Dennoch stellt sich im Nachgang immer die Frage, warum Nutzerinnen und Nutzer ihre Kontaktdaten in fragwürdige Formulare eintippen. Oft gibt es nicht die eine Ursache, sondern die Gründe sind vielfältig:
- Durch Phishing E-Mails wird Druck aufgebaut: „Sie müssen sofort handeln.“ Unter Stress reagieren wir nicht mehr rational.
- Am Tag zuvor haben viele Windows-Systeme Updates erhalten und es kam zu Problemen mit Virenscannern. Eine Reihe von Nutzerinnen und Nutzern (im übrigen nicht die, die URZ-administrierte Systeme verwenden 😉 war somit arbeitsunfähig und musste wertvolle Arbeitszeit zur Lösung dieses Problems aufwenden. Dies führt zu zusätzlichem Stress.
- Die Phishing-Mail trug den Absender beachten@tu-chemnitz.de –eine E-Mail-Adresse, die es gar nicht gibt. Bei E-Mails verhält es sich wie bei Briefen aus Papier: Jedem ist es möglich, einen beliebigen Absender anzugeben, auch einen, der suggeriert, zur TU Chemnitz zu gehören.
- Phishing-Angriffe werden meist außerhalb der Arbeitszeit, vor dem Wochenende oder an Feiertagen durchgeführt um eine Reaktion der Administratoren zu verhindern.

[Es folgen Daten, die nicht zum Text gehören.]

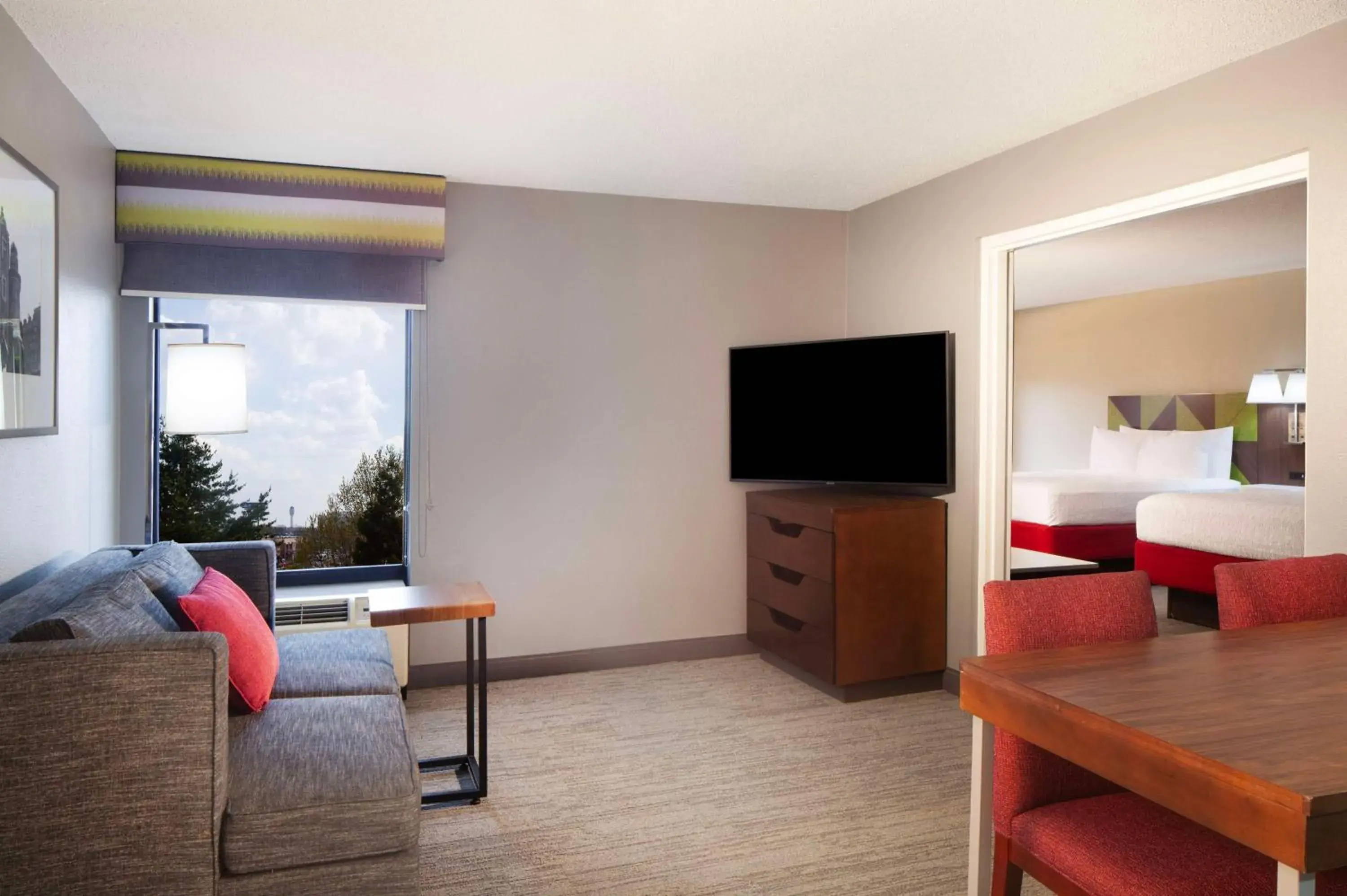 One-Bedroom Suite with Two Queen Beds and Sofa Bed in Hampton Inn & Suites-Atlanta Airport North-I-85 One-Bedroom Suite with Two Queen Beds and Sofa Bed in Hampton Inn & Suites-Atlanta Airport North-I-85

- Gute Phishing-Angriffe machen sich mitunter Tippfehler zu nutze. Sehen Sie den Unterschied zwischen „tu-chemnitz.de“ und „tu-chenmitz.de“ sofort?
So sah die Phishing-Mail übrigens aus:
Sehr geehrter nutzer,Ihr E-Mail-Konto wurde wegen Dienstmissbrauchs gesperrtCLICK HIER JETZT um Ihre E-Mail zu entsperren© 2019 Technische Universitat Chemnitz.
Alle Rechte vorbehalten
Wie lassen sich Phishing-Versuche erkennen und vermeiden:
- Sie werden in der Regel nicht persönlich angesprochen, oder die Anrede entspricht Ihrer E-Mail. Wichtige Mails des Rechenzentrums enthalten eine persönliche Anrede und sind signiert.

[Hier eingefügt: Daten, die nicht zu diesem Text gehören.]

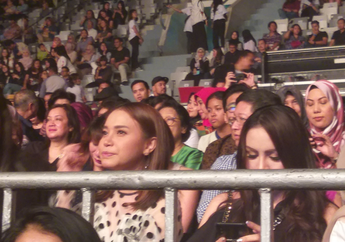 Berikan Bunga di Konser Perpisahan Afgan yang Akan Berkarier di Luar Negeri, Rossa: Kan Cuma Sebentar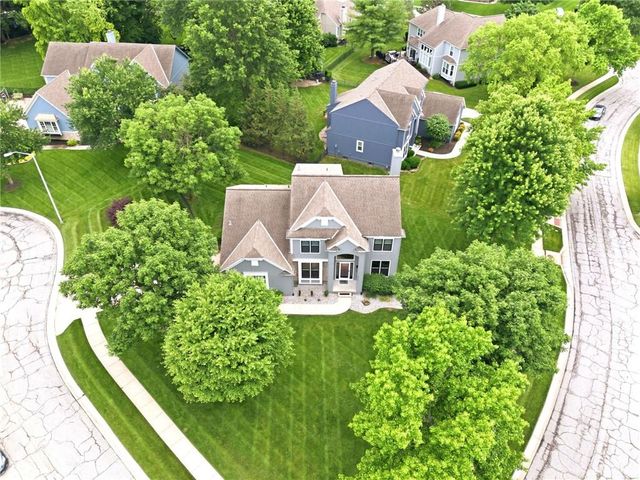 3345 W 143rd Terrace, Overland Park, KS 66224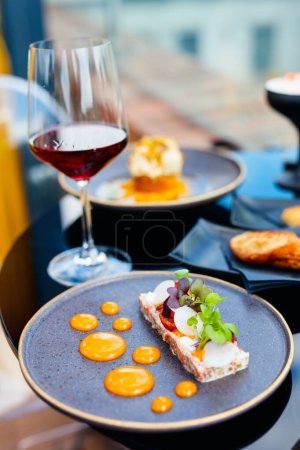 Foto de Foie gras mousse aperitivo servido para el almuerzo o la cena en el restaurante - Imagen libre de derechos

- Die Phisher versuchen, Sie zu sofortigem Handeln zu zwingen. Ihr E-Mail-Postfach sei angeblich gesperrt. Dabei lesen Sie doch gerade in diesem Moment Ihre E-Mails. Hier kann etwas nicht stimmen.
- Prüfen Sie unbedingt die Adresszeile, bevor sie persönliche Daten in ein Web-Formular eintragen.

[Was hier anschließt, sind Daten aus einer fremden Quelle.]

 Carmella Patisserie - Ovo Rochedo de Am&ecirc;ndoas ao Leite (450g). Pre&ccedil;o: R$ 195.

- Fragen Sie ggf. vorher über einen anderen Kommunikationskanal beim vermeintlichen Absender nach.
- Beginnen Sie damit, die jüngste E-Mail zu lesen. Vielleicht hat Sie ein Kollege bereits per E-Mail gewarnt.
- Warnen Sie andere Kollegen, dass gerade Phishing-Mails im Umlauf sind.
- Wenn Sie aus Versehen auf Phishing hereingefallen sind, ändern Sie Ihr Passwort sofort. Das begrenzt den potentiellen Schaden wirksam.
- Kontaktieren Sie uns, wenn Sie auf Phishing-Versuche hereingefallen sind. Eine Sperrung des Accounts veranlassen wir übrigens nicht als Strafe, sondern wollen damit vorerst nur Schlimmeres vermeiden.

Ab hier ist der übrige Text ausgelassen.